# First Time Smoking Cheese! (with Photos)



## brentczech (Dec 26, 2011)

Hello All,

 I am new to this forum and hope to gain some great knowledge.

12/21 was my first attempt at smoking cheese.

I make a cardboard box design. I used my Chargriller Smoker to produce the smoke for the box. I ran a NEW dryer hose from the chimney of my Chargriller into box. This allowed the smoke to cool before it entered the cardboard box.

I used only apple wood for smoking. I used Tillamook Extra Sharp Cheddar cheese which happens to be my favor cheese.

I maintained a heat temp in the box between 60-70 degrees. I live in Las Vegas so I smoked the cheese at night to help keep the temp low.

Total smoke time was 1.5 hours. Now the cheese is in vacuum sealed bags and in the frig. I have been reading in this forum I should let it age at least 2 weeks.

Any input or ideas?

Thanks and I look forward to being a part of this forum.

-BrentCzech


----------



## scarbelly (Dec 26, 2011)

Great first smoke - very interesting set up


----------



## jjwdiver (Dec 26, 2011)

That is a neat setup.  Any qview of the cheese when it was done before going into the fridge?  Did it draft ok the way you had it setup?

John


----------



## boykjo (Dec 26, 2011)

Great idea.......................
	

	
	
		
		



		
		
	


	





Joe


----------



## sprky (Dec 26, 2011)

interesting set up, but if it works great, and I don't see why it wouldn't. Any pics of finished smoke?


----------



## big casino (Dec 26, 2011)

Looks awesome, I think that set up will work fine for your cheese


----------



## brentczech (Dec 26, 2011)

Thanks for all the quick replies.

The design came to my head last year after too many IPA's and smoking salmon in the fall in Las Vegas and wondering how I could do cheese.

The temp of the smoke leaving my Chargriller smoker was 110 degrees. The outside temp was 43 degrees. The "smoke box" temp ranged from 60-70 degrees. I didnt really have a noticeable smoke ring on the cheese but the smell was sure there.

The amount of smoke was pretty heavy, that why I didnt leave cheese in smoker too long. I will be using this design (a little modified) again this week sometime with more cheese.

Thanks for the comments.

Also I dont know what QVIEW means.  This photo is a test I did during the day to see if the design would work.
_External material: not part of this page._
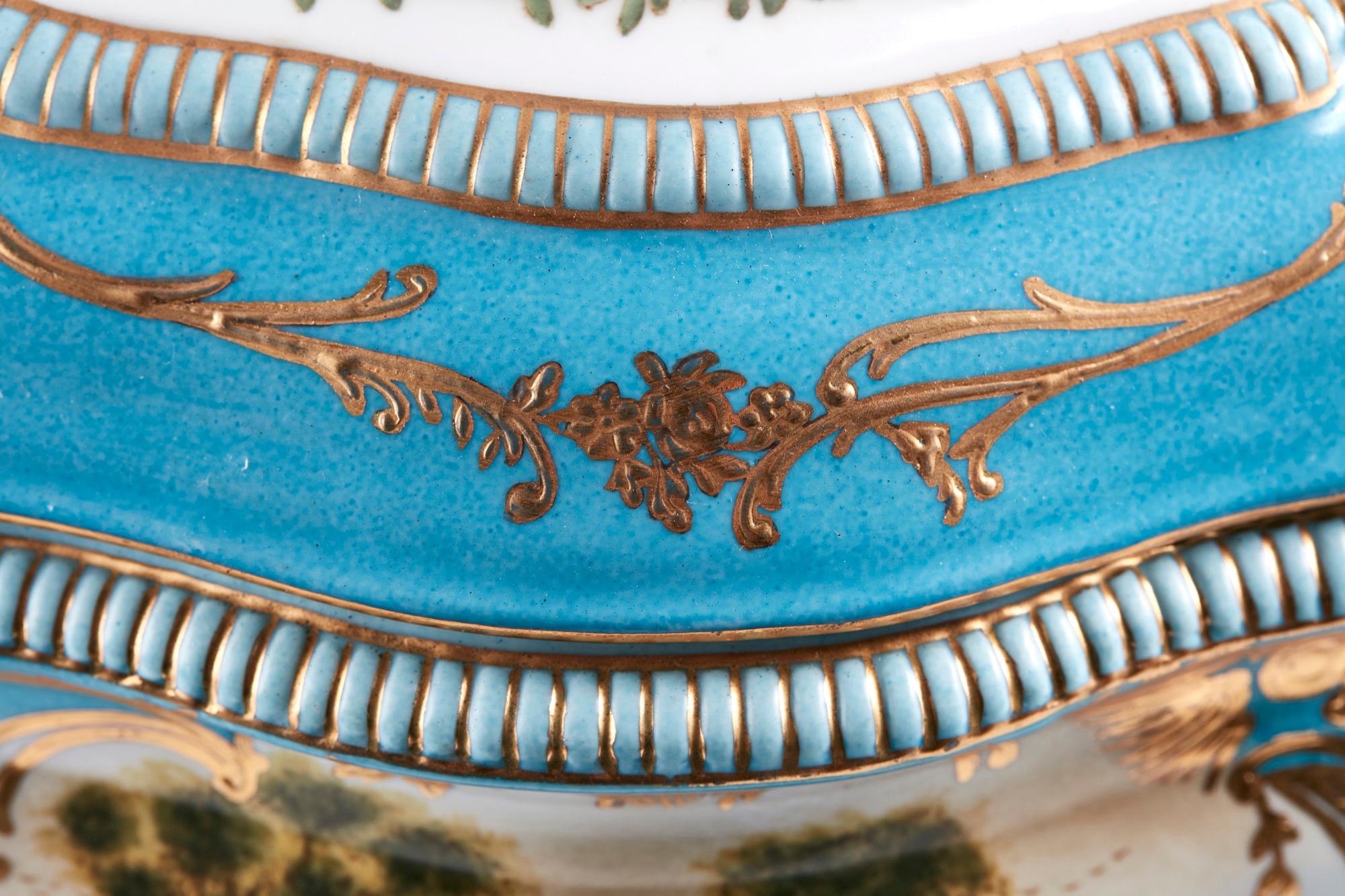 Fine Quality French Sevres Porcelain Tureen im Zustand „Hervorragend“ in Stutton, GB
I am pretty please with my efforts but it could be all for not if the cheese doesn't taste good.

-BrentCzech


----------



## big casino (Dec 26, 2011)

cool a nice prototype, just think if you like the design you could build one out of wood then you could do stuff like add racks to it


----------



## brentczech (Dec 26, 2011)

Big Casino,

Yeah that would be great. I wanted to try this to see if I like smoking cheese and enjoy the end product.
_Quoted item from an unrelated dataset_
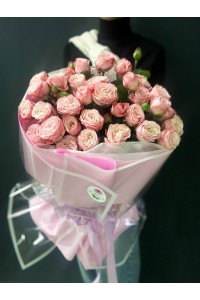 9 кустовых пионовидных роз с оформлением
Any type of wood I should use if building a small box like this?

thanks

BrentCzech


----------



## SmokinAl (Dec 26, 2011)

Great setup!

That's friggin awesome!


----------



## big casino (Dec 26, 2011)

well I would think since there is little to no heat you could use just about anything, but I would probably try and find  some tongue and groove planks, I think it would look nicer,

find some metal racks or screen type racks first so you know what size to build it to, and incorporate some type of adjustable flue so you can control how much smokes in your box

I think you got a good idea going... roll with it!


----------



## mballi3011 (Dec 27, 2011)

Quite interesting for sure. Now I'll be awaiting the results to.


----------



## brentczech (Dec 27, 2011)

Hello Smokers......

Here is a follow up of the modification I did on the "smoke box".

I used picture hanging metal cables to support the grate.

I have 7 pounds of weight on the grate and its holding up no problem. I plan on smoking an additional 5 lbs of cheese this week (hopefully).

thanks

BrentCzech


----------



## meathead1975 (Dec 29, 2011)

That's a great idea.  Let us know how it turned out.


----------



## johnnie walker (Dec 31, 2011)

Brent, Q-Veiw is nothing more than taking pictures of the process as you do it. Then posting them so we can drool all over our key boards.


----------



## SmokinAl (Dec 31, 2011)

How did the cheese turn out? It's such a great idea, but we need to see the results.


----------



## brentczech (Dec 31, 2011)

Smokin Al,

I am still waiting the "2 weeks" to taste test. It is in the frig and happy. When my wife opening the bottom drawer (where i have 7 lbs of smoked cheese) she always comments that is smells smokey!!

Thats a good sign i guess.

Spare ribs on Tuesday! Can't wait. Never used 3-2-1 method but I'm ready. I have also never trim spare ribs but watched some great stuff on here and youtube.

Thanks

BrentCzech


----------